Works good at a great price.


----------



## DannyT (Mar 23, 2011)

homers has a 6gal porter cable and an 16g and 18g nailers and a stapler for 279.00 for the set.


http://www.homedepot.com/h_d1/N-5yc...splay?langId=-1&storeId=10051&catalogId=10053


lowes has a stanley-bostich 3 gun set for 299.00

http://www.lowes.com/pd_253002-354-...d_nbr|0||p_product_quantity_sold|1&facetInfo=


----------



## rw02kr43 (Jul 25, 2011)

*home depot*

I have looked at the porter cable one with the 3 guns from home depot, but I'm not sure I need all 3 of those guns. Which would be better for my project? A finishing nail gun or the brad nail gun? I'll be doing some base boards and quarter round. I eventually want to do a small roof of a shed. I think I'll probably need a different gun for that one. I just don't want to pay for all 3 guns when out of those 3 I might need just one. I just don't know which one I need.

Jason


----------



## DannyT (Mar 23, 2011)

you would be surprised what you might need in the future. that stapler might come in handy. i used to use the stapler on the thin side of casing and 16 g on the thick side. the 18 g works good for most smaller moldings like shoe. the staples hold batter then the 18g brads. most pre-hung doors that are trimmed on one side are stapled.
if i didnt already have compressor and guns id definitely get a kit, its cheaper in the long run.


----------



## GottaFixIt (Dec 3, 2010)

I'll tell you this much - When I shopped for a compressor & finish nailer, I looked at a lot of small 3 gal compressors & 16 ga nailers. By the time that I bought those & a hose, Id have been very close to the price I paid for that kit (with a 6 gal compressor). The stapler and brad nailer have definitely come in handy many times over. 
I definitely wouldn't go for any smaller of a compressor. There are some bad reviews on amazon, but I guess I got lucky. Everything in my kit was in Like New condition and has functioned perfectly for about 9 months of intermittent use now. Gotta keep em oiled, of course. I'm sure that the Porter Cable would be good too, for a few more bucks if you're worried about buying refurb...


----------



## Gbm (Jun 9, 2011)

With tools you certainly get what you pay for but for dyi work the porter pancake and finish nailer have worked well for me the last 10 years. I also bought a roofing nailer and framing nailer at harbor freight and it will run those too - if you work alone. If you are really short on funds they also sell a pancake for $30 or $40 but since they need to run virtually non stop I doubt they would last too long. Like trapper said, don't even think you can run any air tools like grinder, impact, paint etc for any length of time as the scfm output is minimal. For example, it takes about 5 minutes to fill a suv tire - starting with a full tank.

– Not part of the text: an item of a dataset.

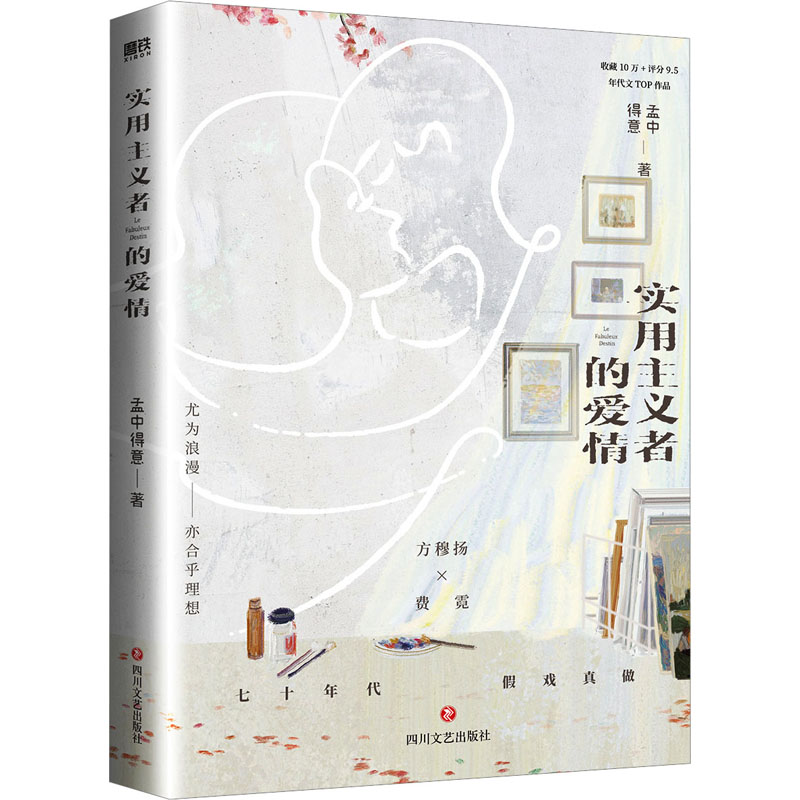 新华书店正版 情感小说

There are uses for all three nailers but for non production work the finish nailer IMO is the most useful. I hand nail the brads if necessary. Maybe when I start installing my casings I'll need to invest in a stapler....that sounded like good advice.


----------



## loneframer (Mar 27, 2009)

Go ahead and get the compressor with the 3 gun package. You can never have enough guns.:whistling2:


----------